I wrote one too, vals->map. There is also an inverse function that is handy, with-map-vals. I use them all the time to save some typing. It is especially handy to quickly package up problem values for use in (throw (ex-info "some error msg" (vals->map x y z)).

Don’t know how that escaped me. It’s nice to feel dumb sometimes.

Personally I think what I’d like is something more like:

(let [a 10]
  {a, :b 20})

Where if you use a binding as a single, not a pair, it expands to a keyword of the binding as key and the value of the binding as the value.

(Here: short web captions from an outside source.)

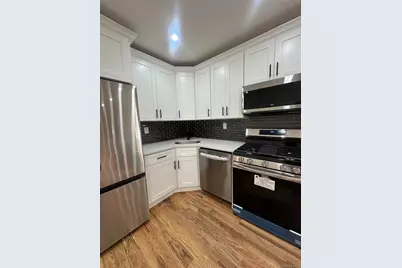 17205 89th Avenue, Jamaica, NY 11432 - Photo 4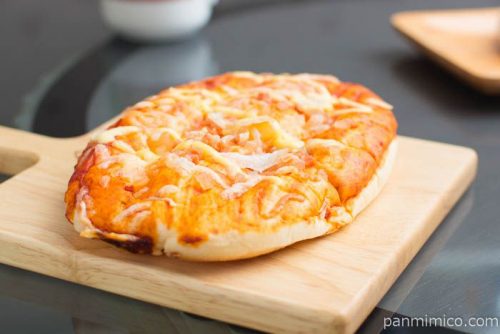 ピザパン（パイン＆アップル）【ファミリーマート】フジパン横から見た図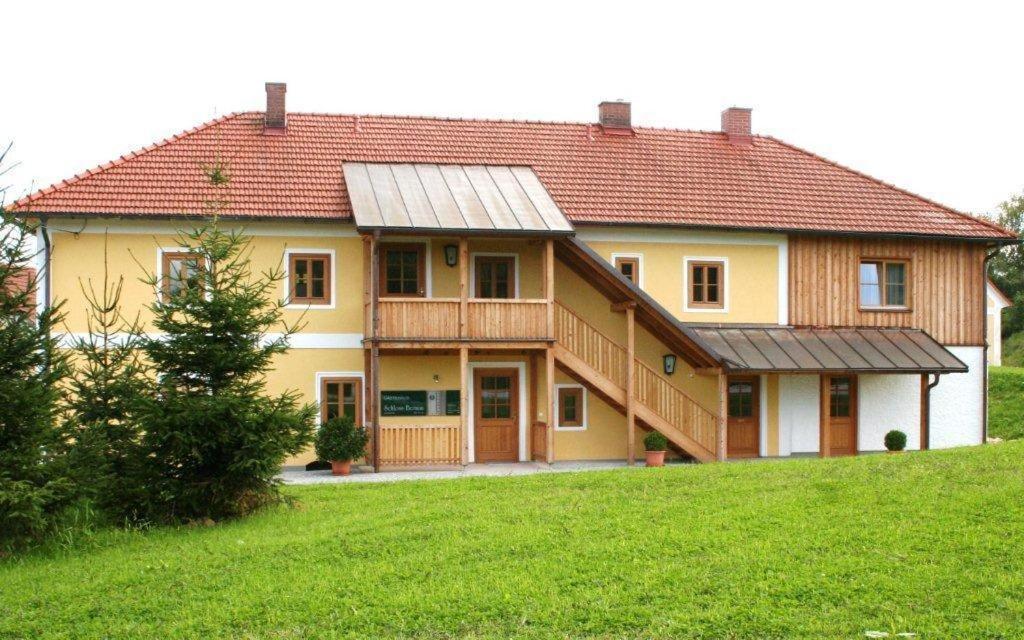 Gastehaus Schloss Bernau Hotel Fischlham Buitenkant foto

But keep in mind, whole these tricks are a bit faster to type, they are riskier to accidentally refactor the bonding name and break the use of the map everywhere else, since the key changed.

Edit:

Or even something like:

(let [a 10]
  {a a, :b 20})

Where a binding used as key just gets replaced by a keyword of the same name.

1 Like

But what about…

(let [a 10 b 20]
  {a, b})

That’s {10 20} – and how would tell the difference between the intent of {a, b c} and {a b, c} since we’re already allowed to put expressions in hash maps and keys can be “anything”…?

1 Like

IIUC, we cannot use vars->map until every var has been bound to its final value.

ie, (vars->map (+ a 2)) is a non-starter.

If so, vars->map is the inverse sin of LET, obfuscating the functional style.

Good point. This is where it could be nice for the comma to not just be whitespace, since it could disambiguate.

But to be fair, I didn’t think of it as a core feature, I was thinking within the context of some macro. So you could come up with whatever rule. Here I was assuming this macro doesn’t allow the value of the binding to be a key, instead this macro is used to make the var name itself a keyword key.

That’s what I was thinking reading this—how would the compiler ever comprehend which symbols are meant to be kv tuples, and not an unbalanced/shifted map—but now I’m curious to see someone write macros to respect commas and do exactly this! :laughing: Some preposterous language rewriting like Rewriting the Technical Interview

What you are saying can’t be done using macros… it has to be done through the reader.

It’s just syntatic sugar. I personally like maps the way they are. It gets complicated really quickly if js notation gets imported wholesale. what about a spread operator? what about map defaults?

having said that… a spread operator might be useful for the var-to-map macro.